Background
To investigate whether combining the flipped classroom approach with Peyton’s four-step method can enhance teaching effectiveness in ultrasound (US) zoning of the thyroid and cervical lymph nodes for standardized residency training.
Methods
A total of 66 resident training students were randomly divided into a control group and an observation group. The control group received traditional teaching methods, including “see one, do one” learning, lecture-based learning (LBL), and case-based learning (CBL). The observation group was taught using Peyton’s four-step teaching method, the flipped classroom approach, and CBL. Assessments were conducted through skill operation and clinical case analysis. A questionnaire survey was used to evaluate student satisfaction.
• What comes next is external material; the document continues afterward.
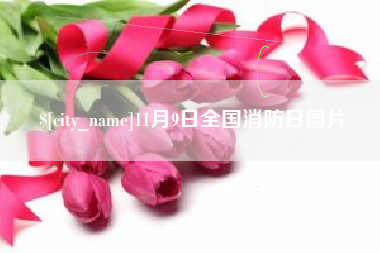 喀什11月9日全国消防日图片
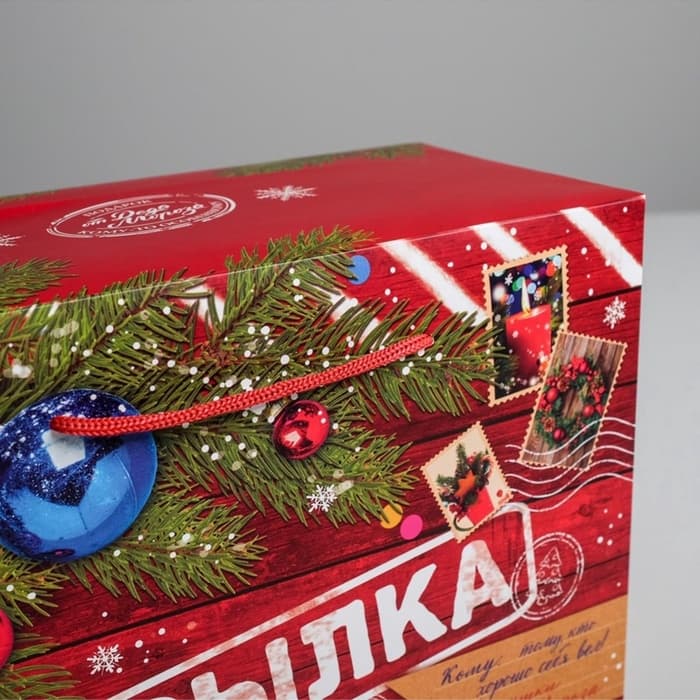 Пакет‒коробка подарочный «Новогодняя посылка», 28×20×13 см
Assessment scores and questionnaire ratings between the two teaching methods were compared.
Results
1) Assessment results demonstrated higher scores in skill operation and clinical case analysis for the observation group compared to the control group [(87.64 ± 3.72) vs. (80.48 ± 5.92) points, (87.94 ± 4.46) vs. (82.85 ± 4.24) points]. 2) The questionnaire survey indicated that resident trainees taught using Peyton’s four-step method showed greater improvement in learning interest [(4.61 ± 0.57) vs. (3.70 ± 0.85) points] and experienced reduced exam pressure compared to the control group [(4.52 ± 0.62) vs. (3.21 ± 0.70) points]. These differences were statistically significant (P < 0.05).
Conclusion
Peyton’s four-step approach combined with the flipped classroom method improved resident training students’ scores in skill operation and clinical case analysis for ultrasound zoning of the thyroid and cervical lymph nodes. It also stimulated learning interest and alleviated exam pressure, making it an effective teaching method for enhancing standardized US training outcomes in resident education.